* **Description of the task**:
Exactly the lines below starting at the line with "Hello, this is" and ending at the line with "Today, we're going" are wanted, with both ends included. Leave out the pictures and add no other lines.

* **Source material**:

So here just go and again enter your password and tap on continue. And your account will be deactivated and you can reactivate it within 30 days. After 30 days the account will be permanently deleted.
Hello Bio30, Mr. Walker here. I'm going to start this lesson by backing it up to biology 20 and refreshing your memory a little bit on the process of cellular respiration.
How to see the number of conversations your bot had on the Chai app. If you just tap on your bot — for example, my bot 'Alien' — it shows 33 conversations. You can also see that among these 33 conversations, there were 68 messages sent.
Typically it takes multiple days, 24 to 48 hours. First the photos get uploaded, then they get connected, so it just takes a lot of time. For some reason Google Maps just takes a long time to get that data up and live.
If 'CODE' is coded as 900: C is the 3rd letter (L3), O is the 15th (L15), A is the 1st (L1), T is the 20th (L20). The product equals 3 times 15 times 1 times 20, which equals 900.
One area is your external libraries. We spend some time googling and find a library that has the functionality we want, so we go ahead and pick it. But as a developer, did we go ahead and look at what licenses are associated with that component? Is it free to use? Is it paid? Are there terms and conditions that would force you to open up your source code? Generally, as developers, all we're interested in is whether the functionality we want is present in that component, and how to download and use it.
==
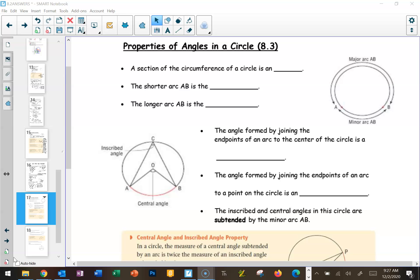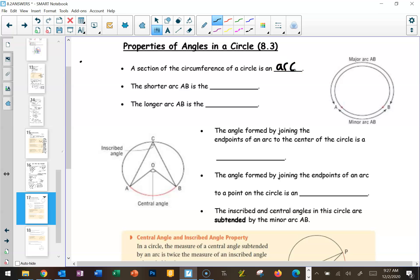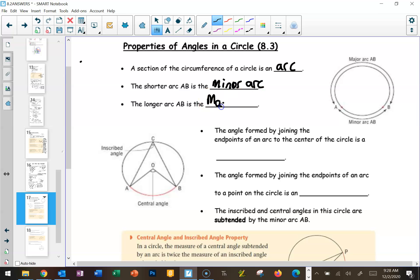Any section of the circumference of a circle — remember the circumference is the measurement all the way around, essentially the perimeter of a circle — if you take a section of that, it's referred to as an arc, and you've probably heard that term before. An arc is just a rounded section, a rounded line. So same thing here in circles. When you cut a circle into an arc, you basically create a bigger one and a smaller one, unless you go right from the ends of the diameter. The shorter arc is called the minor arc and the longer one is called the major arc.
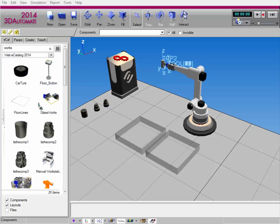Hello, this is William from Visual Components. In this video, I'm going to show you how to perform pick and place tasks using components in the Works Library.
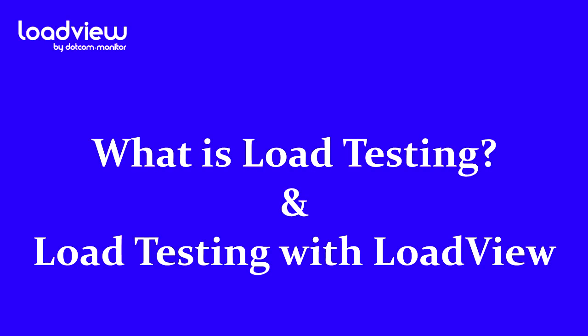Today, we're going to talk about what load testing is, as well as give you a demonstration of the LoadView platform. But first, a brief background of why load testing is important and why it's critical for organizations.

* **Finished task**:
Hello, this is William from Visual Components. In this video, I'm going to show you how to perform pick and place tasks using components in the Works Library.
Today, we're going to talk about what load testing is, as well as give you a demonstration of the LoadView platform. But first, a brief background of why load testing is important and why it's critical for organizations.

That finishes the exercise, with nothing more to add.